The employer must prove a negative about its own state of mind. That is a real burden, and it is why these claims settle.

No compensation cap

Unlike unfair dismissal, there is no statutory cap on compensation in a general protections matter, and compensation for hurt and distress is available. Civil penalties can also be imposed on the employer.

This does not mean the payouts are large. The Commission's data on general protections dismissal matters resolved in 2024-25 shows that of those with a monetary settlement, about a third were under $4,000, around 61% were under $10,000, and the median fell in the $4,000 to $5,999 range.

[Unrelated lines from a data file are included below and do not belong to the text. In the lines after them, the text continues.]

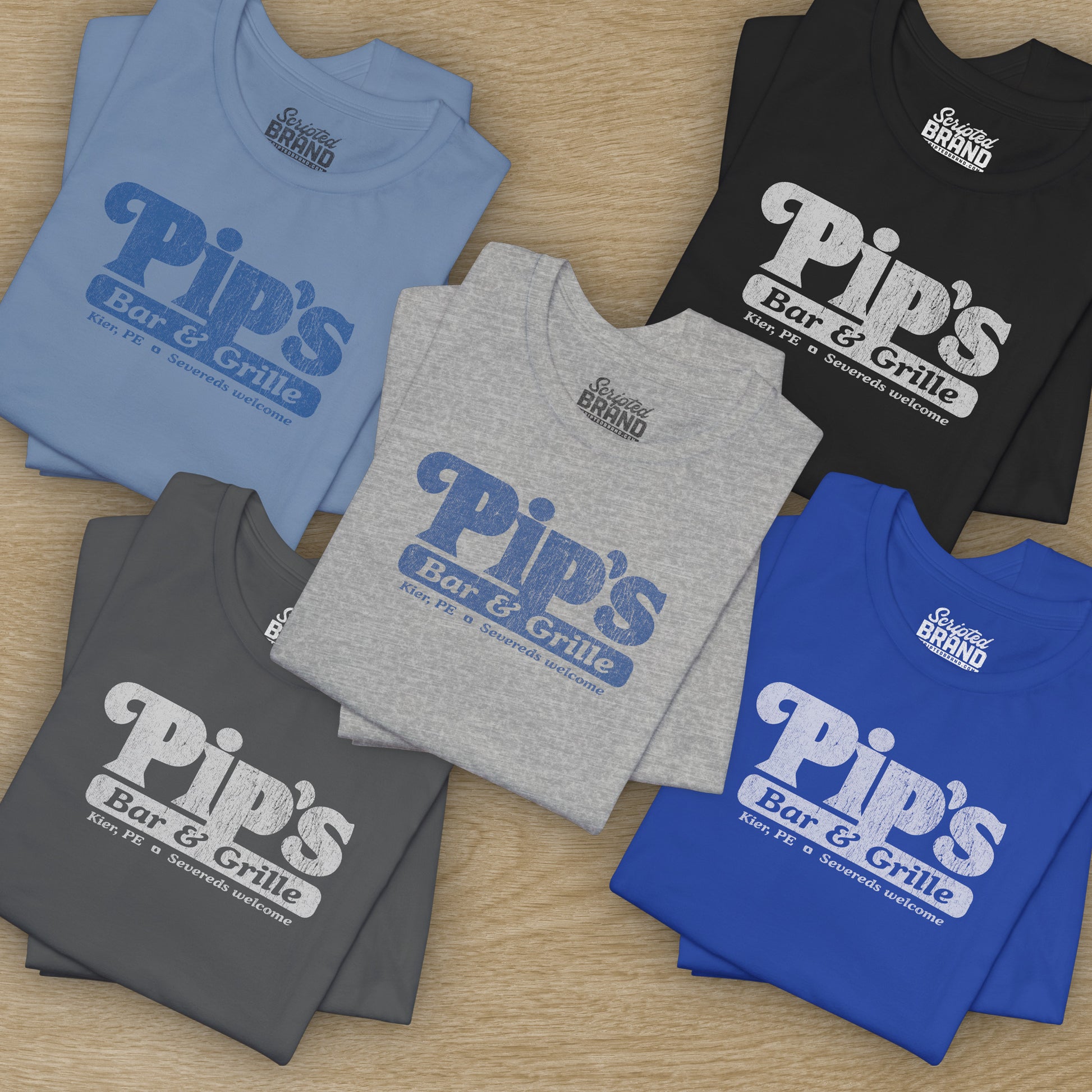 Group of 5 Soft Bella+Canvas shirtsleeve t-shirts with the Pips Bar and Grill logo from the TV show Severance in a vintage distressed ink-stamped worn-in style.
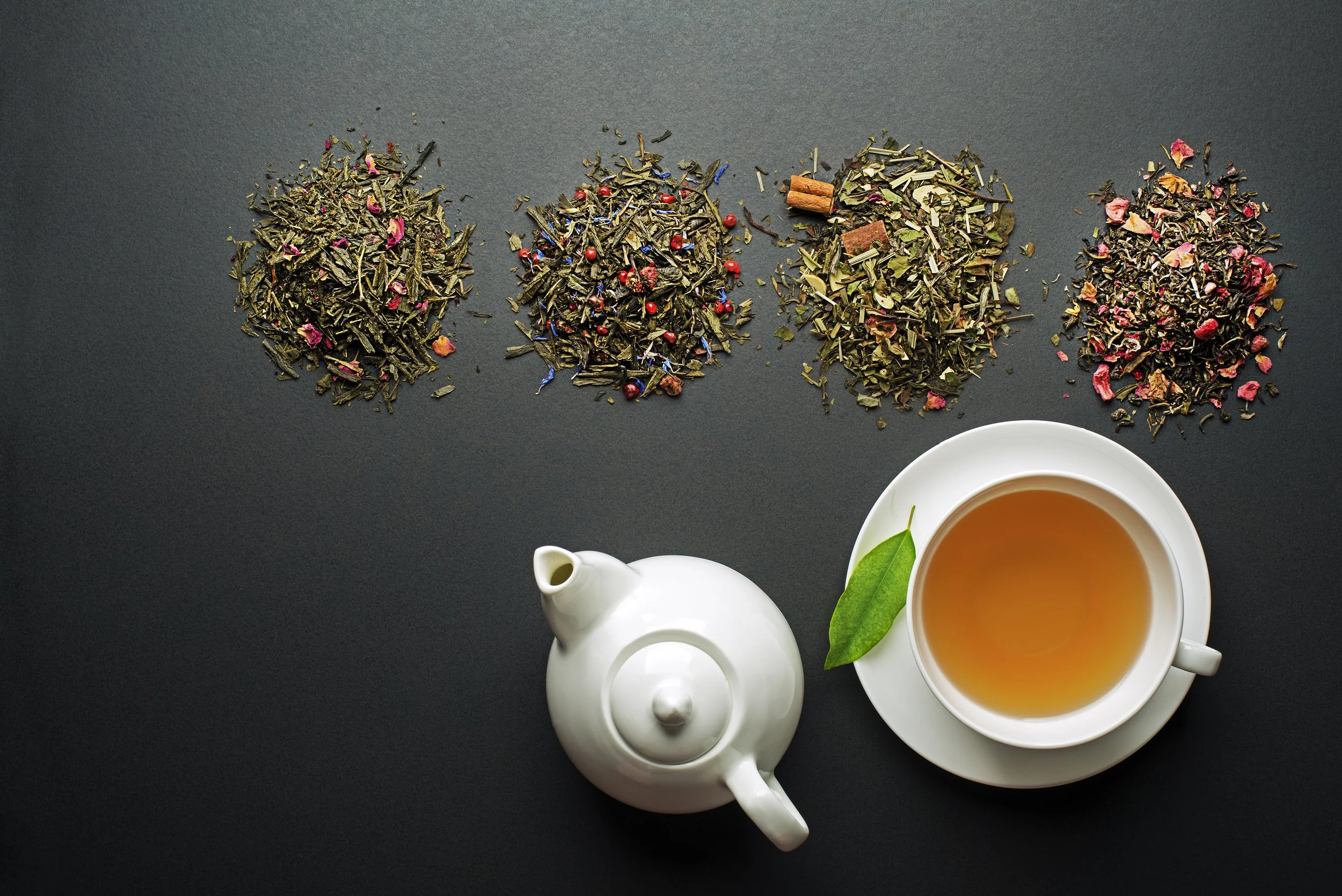 Loose dried herbs, spices, and flower petals arranged on a dark surface, alongside a white teapot and a cup of hot tea with a green leaf.
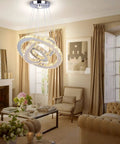 Lit Three Ring LED Chandelier With Changeable Color Temperature in a living room with beige decor and large windows.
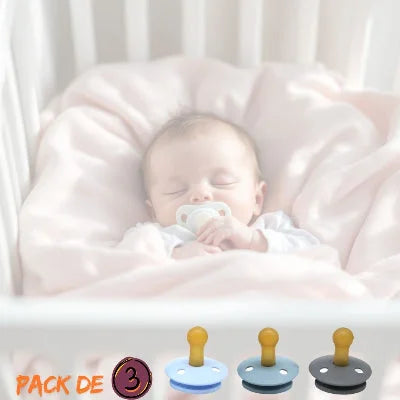 Nouveau-né endormi dans son lit avec une sucette pour nouveau-né MiniMiam™, lot de 3 tétines en caoutchouc naturel bleu, gris et anthracite, adaptées dès la naissance.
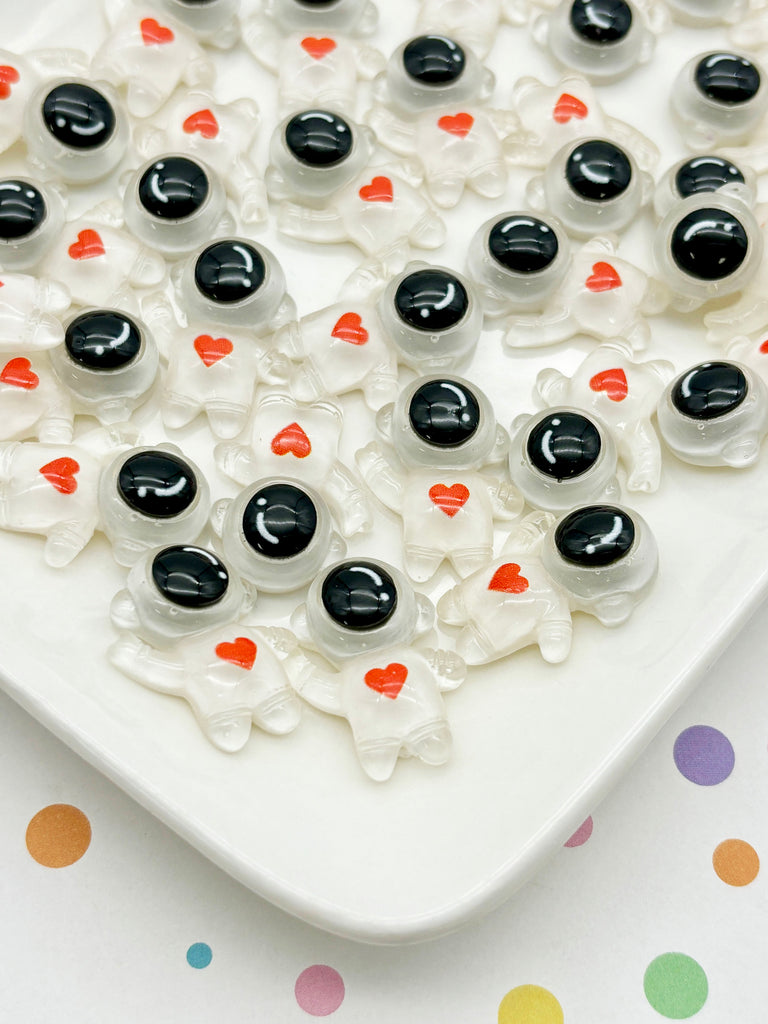 a white plate topped with lots of black and white candies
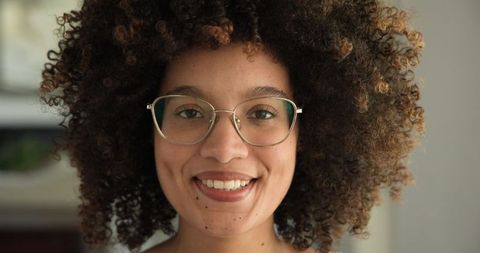 African american woman smiling wearing glasses at home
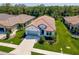 Beautiful aerial view of the charming single-Gathering home with a well-manicured lawn and a tile roof at 264 Caserta Ct, Nokomis, FL 34275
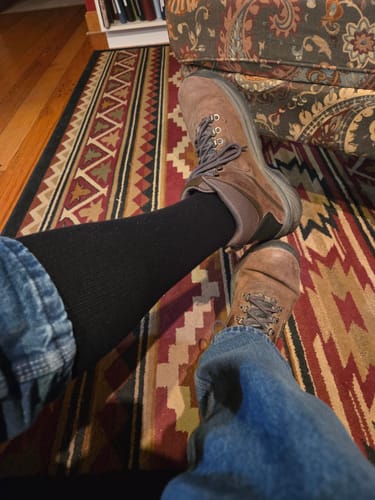 A customer's leg shown wearing a black Performance Eucalyptus Compression Sock with a brown boot.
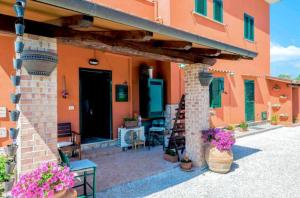 een oranje huis met een patio met paarse bloemen bij La locanda di Andrea il pescatore in Borgo Montenero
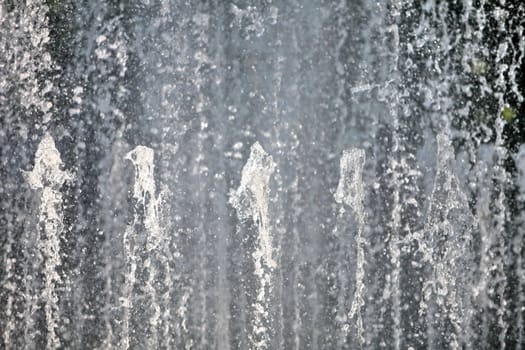 Water wall fountains from spouting vertical background, close-up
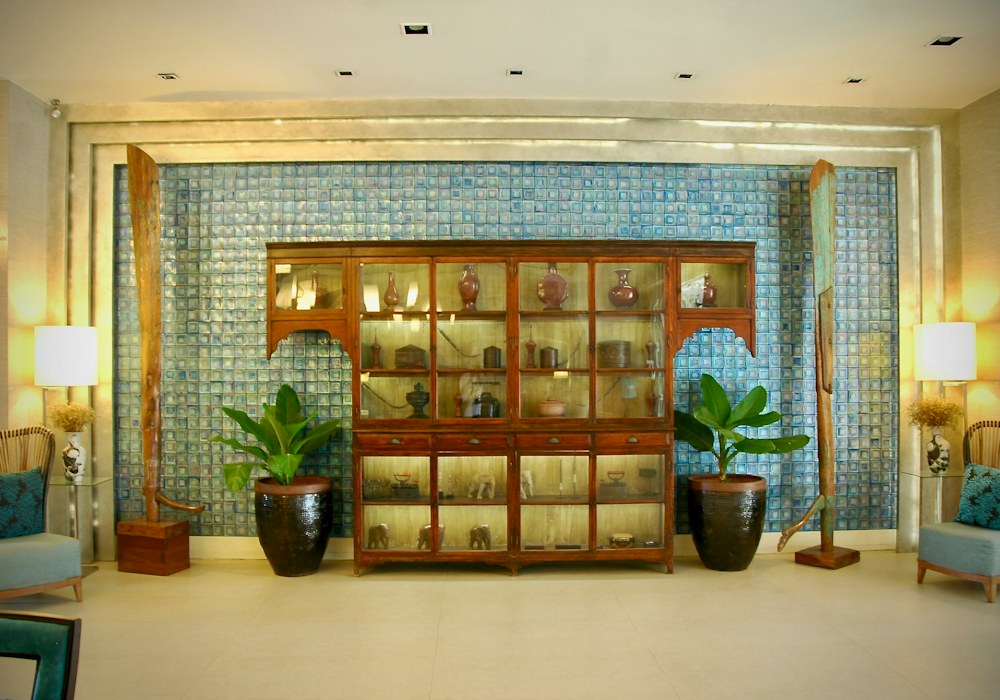 Relaxation area with armchairs, tall planters and a lit display cabinet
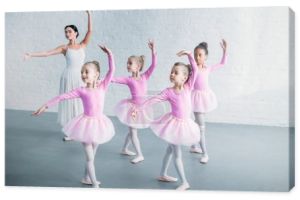 urocze dzieci w różowe tutu spódnice praktykuje balet z młodym nauczycielem w szkole baletowej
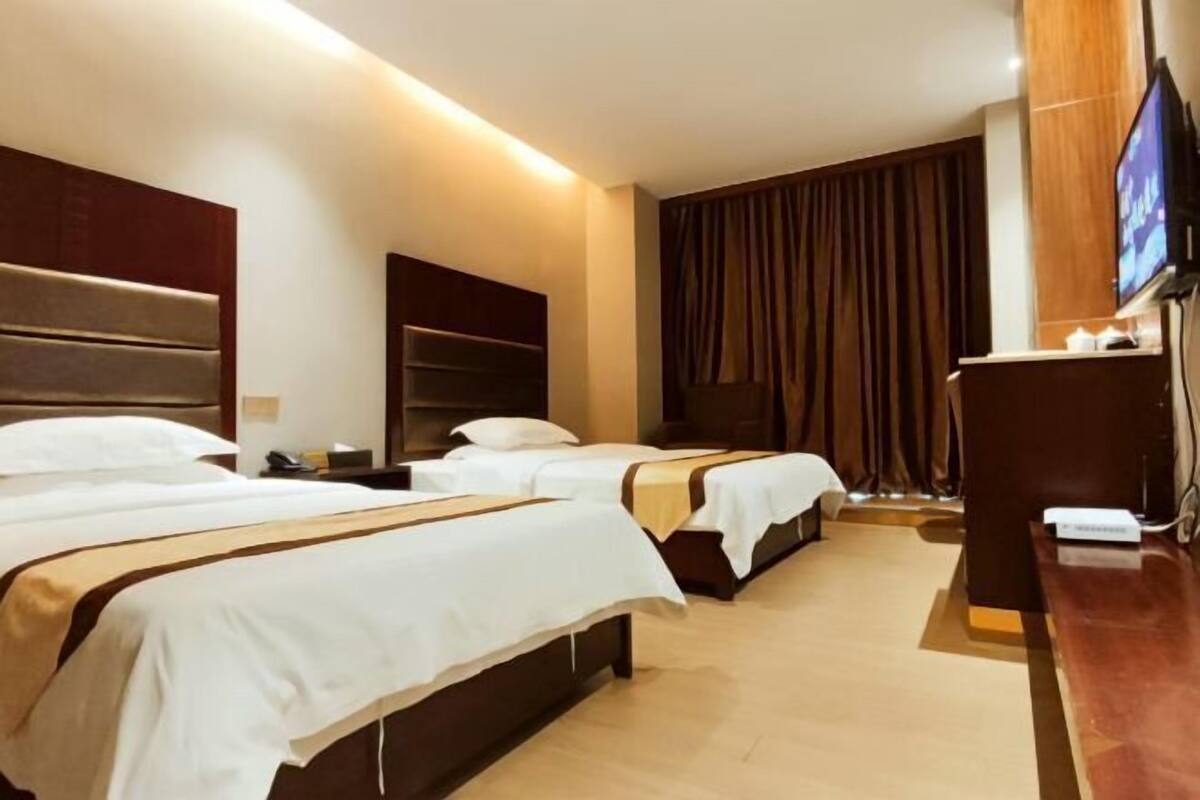 Ein Hotelzimmer mit zwei Betten, einem Fernseher, einem Schreibtisch und einem großen Fenster mit Vorhängen.
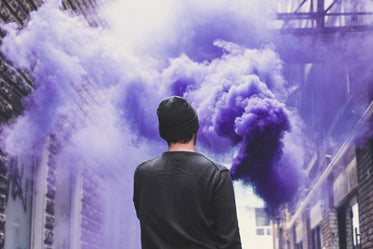 purple smoke in the ally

We would rather you read that here than discover it at conciliation.

The 21 day deadline

What happens if it does not settle

This is the part you need to understand before you engage anyone.

A general protections dismissal application goes to a conference at the Commission. If it does not resolve, the Commission issues a certificate, and your only remaining path is to commence proceedings in the Federal Circuit and Family Court of Australia.

In 2024-25, around a third of these matters did not settle and ended with a certificate.

Separately, a paid agent needs the Commission's permission under s.596(2) to participate in a general protections conference. Permission is not automatic.

We will tell you all of this before you engage us, not after. If your matter looks likely to need a court, we will tell you to see a lawyer.